Antimicrobial resistance of major clinical pathogens in South Korea, May 2016 to April 2017: first one-year report from Kor-GLASS
Antimicrobial resistance (AMR) is a growing burden in both clinical and socioeconomic context owing to the high morbidity and prolonged hospitalisation of patients that causes elevated medical and societal costs because of loss of productivity. The World Health Organization launched the Global AMR Surveillance System (GLASS) in 2015 as a core global action plan addressing this issue. The standardised GLASS manual allowed an overview of global AMR rates through international comparison.
An AMR surveillance system in South Korea, the Korean AMR Monitoring System (KARMS), had been operated between 2002 and 2015 by Korean Centers for Disease Control and Prevention (KCDC). KARMS played an important role in notifying the high AMR rates in South Korea, urging the government to develop a national action plan. However, this system had limitations. Firstly, the antimicrobial susceptibility testing (AST) methods were not well harmonised across the participating clinical laboratories, affecting reliability. Secondly, duplicated isolates were not sufficiently filtered out, which could lead to an overestimation of the national AMR rates.
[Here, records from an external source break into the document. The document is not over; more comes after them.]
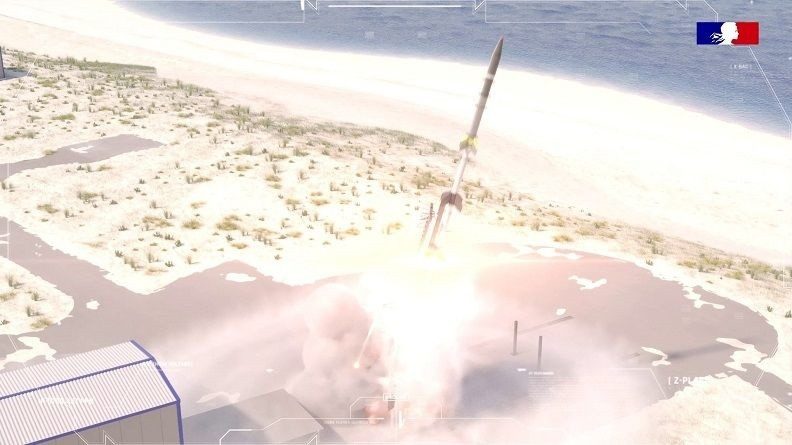 DGA Vmax missile hypersonique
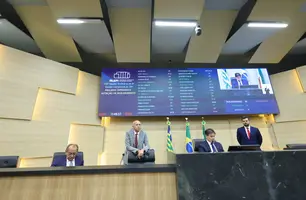 Assembleia Legislativa do Piauí (Foto: Régis Falcão / Ascom Alepi)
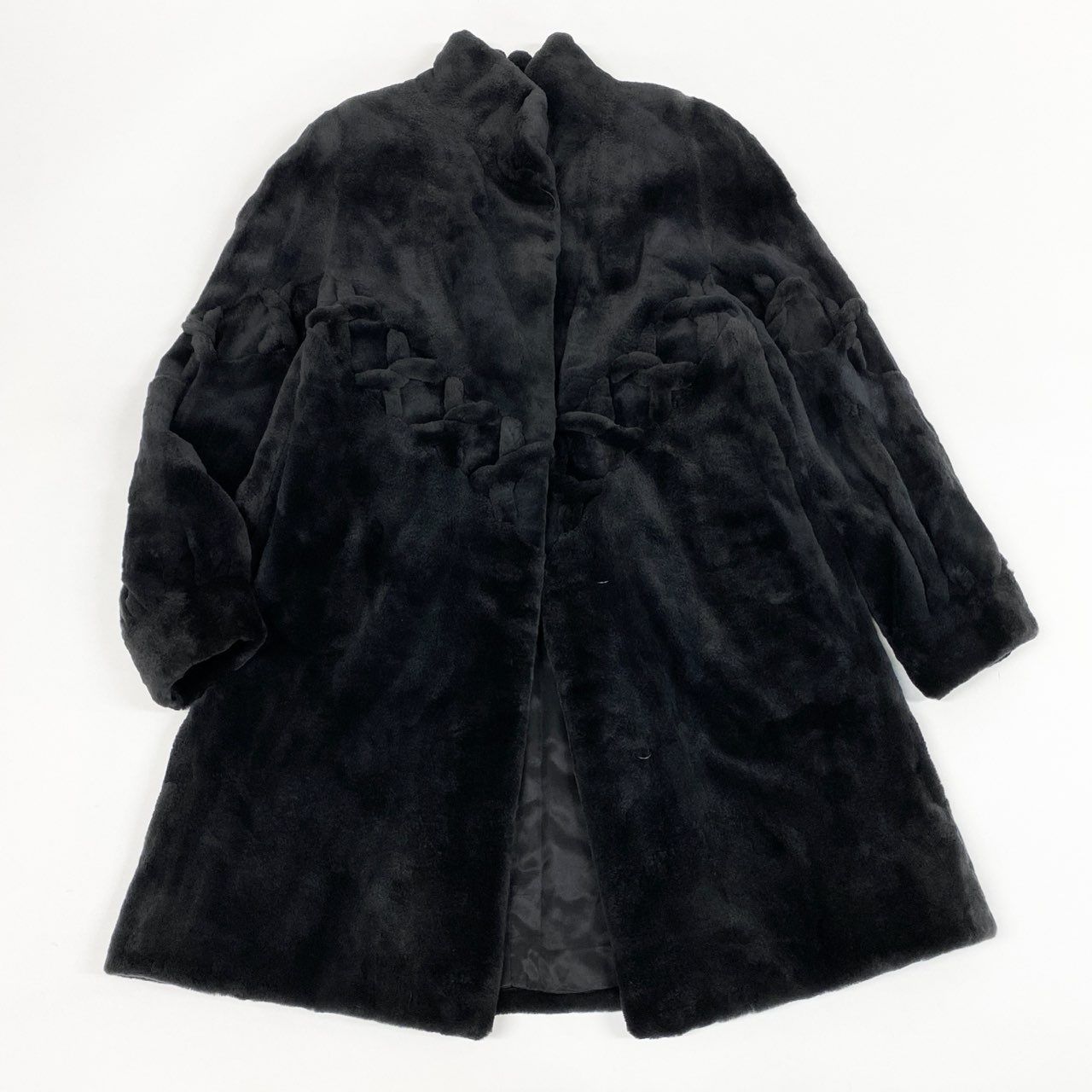 53k10 VALENTINO ヴァレンティノ SAGA MINK サガミンク 銀サガ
Finally, the epidemiological interpretation of the study was limited because of insufficient clinical data.
From KARMS, the KCDC established an improved AMR surveillance system compatible with the GLASS, named Kor-GLASS . The Kor-GLASS manual was customised from that of GLASS: (i) three bacterial species from blood specimens were added, namely Enterococcus faecalis and Enterococcus faecium to monitor vancomycin resistance and Pseudomonas aeruginosa to monitor carbapenem resistance and (ii) more target antimicrobial agents for AST were included to investigate multi-drug resistance by species.
We have operated the Kor-GLASS for one year since May 2016 and report here the first one-year assessment until April 2017.